As a guest on The Chevy Chase Show (1993) on October 4, 1993, Dan Aykroyd tells a story about he and Chase being pursued by a truck full of paratroopers, while on-location in Morocco. Aykroyd had taken a snapshot of the military unit, who then pursued them at high speeds back to their hotel, where they evaded detection by abandoning their Jeep, and hiding inside a van with curtains in the windows. The next day, as a prank, Aykroyd had John Landis tell Chase that he had been arrested, and should expect them to be coming for him next.
The "Ace Tomato Company" is most likely a reference to United Fruit (now Chiquita Bananas), a company widely known to have been involved with the C.I.A. in the 1950s. The connection is subtly underlined, with the name of one of the Generals, Miegs. One Henry Meiggs, an American business magnate, operating in South America, was the uncle of one of the founders of what would become United Fruit.
In 2009, Family Guy (1999) presented something of a sequel to the movie called Family Guy: Spies Reminiscent of Us (2009), featuring Chevy Chase and Dan Aykroyd as themselves, on another spy mission. They explain that President Reagan appointed them real-life spies after seeing the film.
The song, "Soul Finger", played by the Russians on a portable cassette deck was, as Austin Millbarge (Dan Aykroyd) says, recorded by the R&B group the Bar-Kays, and released in 1967. The song was covered by Dan Aykroyd and John Belushi's band, The Blues Brothers, for their 1980 album "Made in America".
Playing Colonel Rhumbus in this spy spoof, Bernie Casey had, at the time, recently appeared in the James Bond film Never Say Never Again (1983), where Casey had played American C.I.A. Agent Felix Leiter.
DIRECTOR TRADEMARK (John Landis): (Looking directly into the camera): Aykroyd's character looks directly into the camera, a.k.a. breaking the fourth wall, when he realizes how the launched missile can be successfully stopped.
The answer to Emmett Fitz-Hume's (Chevy Chase's) question regarding who led the American League in home runs in 1953, is Al Rosen of the Cleveland Indians. Coincidentally, the last name Rosen was used as an alias (Dr. Rosen) in Fletch (1985), also starring Chevy Chase.

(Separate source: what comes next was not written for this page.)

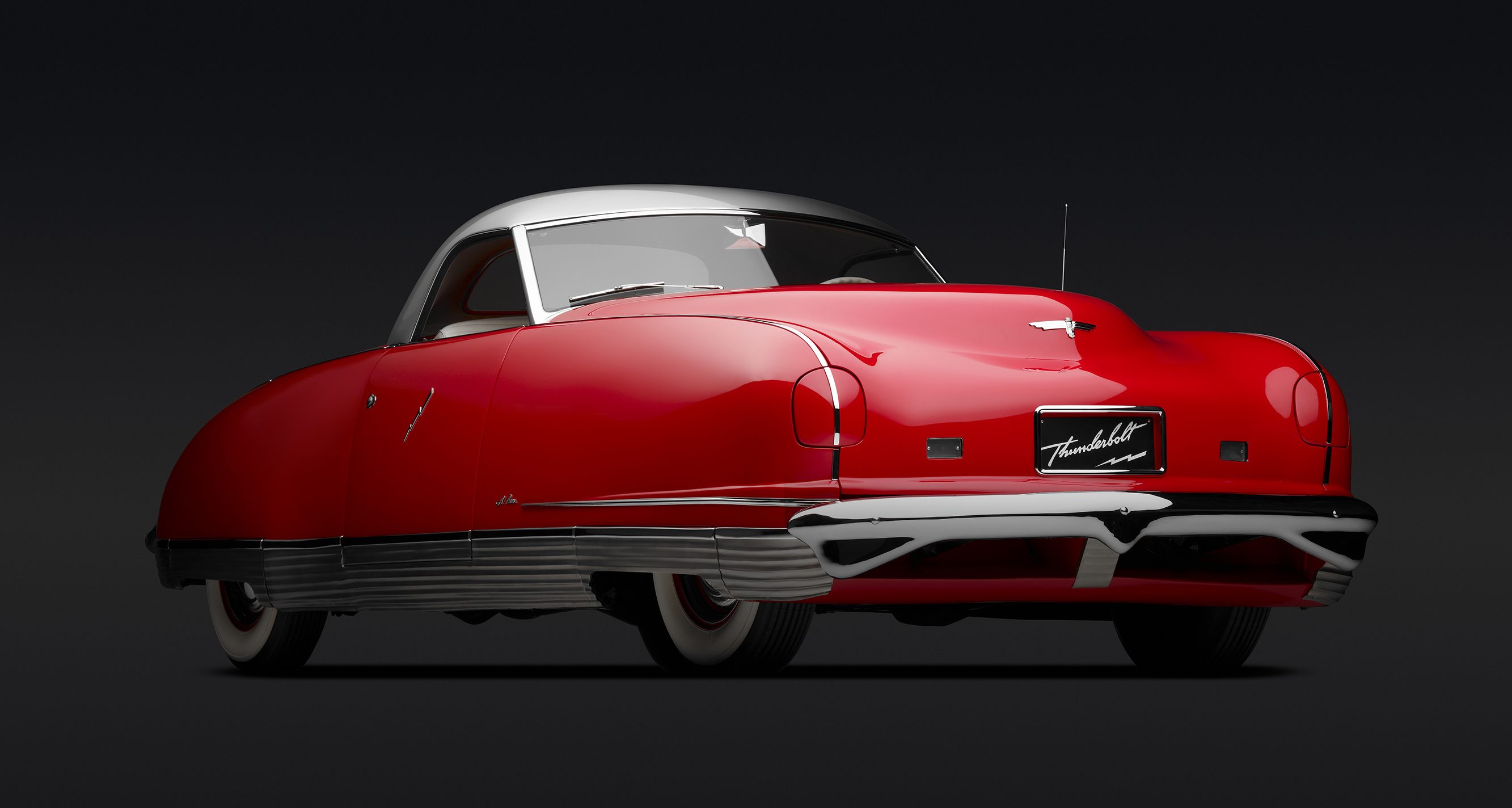 Chrysler Thunderbolt Roadster, 1941. Photo: Peter Harholdt (Courtesy of Roger Willbanks/Portland Art Museum)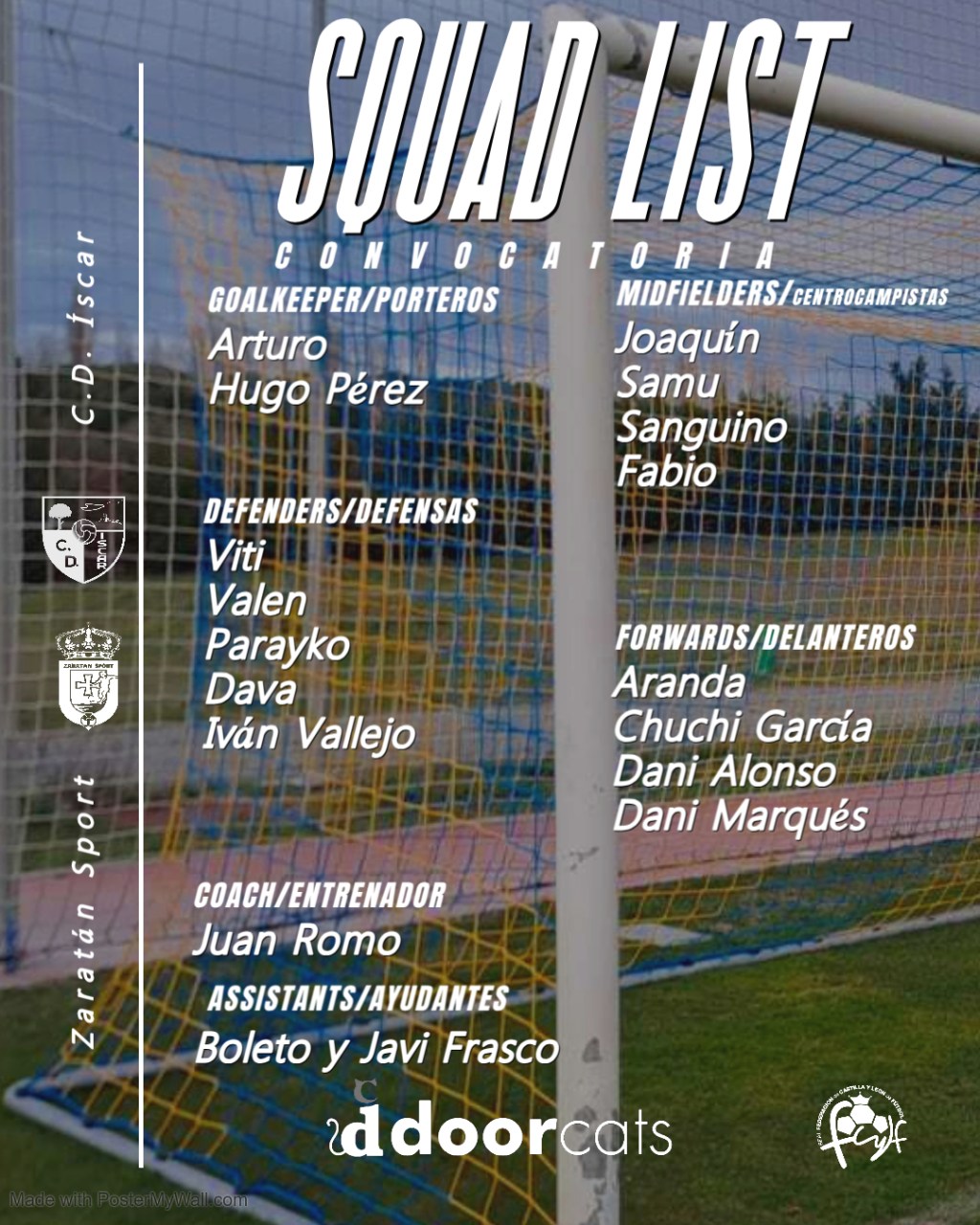 Convocatoria contra el&nbsp;Zaratán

The final scene with the chess pieces represents Eastern Europe being knocked down. This pre-dated the revolutions of 1989, where Eastern European nations overthrew their Communist regimes, leading to the dissolution of the Soviet Union in 1991.
In total, there were nine cameos by Directors, which included: Costa-Gavras, Sam Raimi, Terry Gilliam, Joel Coen, Frank Oz, Michael Apted, Larry Cohen, Martin Brest, and Bob Swaim. None have directed Dan Aykroyd or Chevy Chase in any of the one hundred plus films any one of them has made.
In Chuck (2007), season three, episode three, "Chuck Versus the Angel de la Muerte", a Communist country called "Costa Gravas" is featured. The name of one of the actors playing a Tadzhik Highway Patrolman, is Costa-Gavras.
This is one of six movies, with which Terry Gilliam (Dr. Imhaus) and Charles McKeown (Jerry Hadley) have been involved, in one capacity or another. The others include Brazil (1985), The Adventures of Baron Munchausen (1988), Life of Brian (1979), The Imaginarium of Doctor Parnassus (2009), and Time Bandits (1981).
DIRECTOR TRADEMARK (John Landis): (gung-ho troops): The troops at the military training facility constantly make a "hut-hut-hut-hut" sound while training. The same sound was used by the Police S.W.A.T. team, near the final scene of The Blues Brothers (1980).
Frank Oz: The director of several hit movies, including Dirty Rotten Scoundrels (1988), as well as performing Miss Piggy, Grover, and Yoda, is the FSB test administrator about fifteen minutes into the film.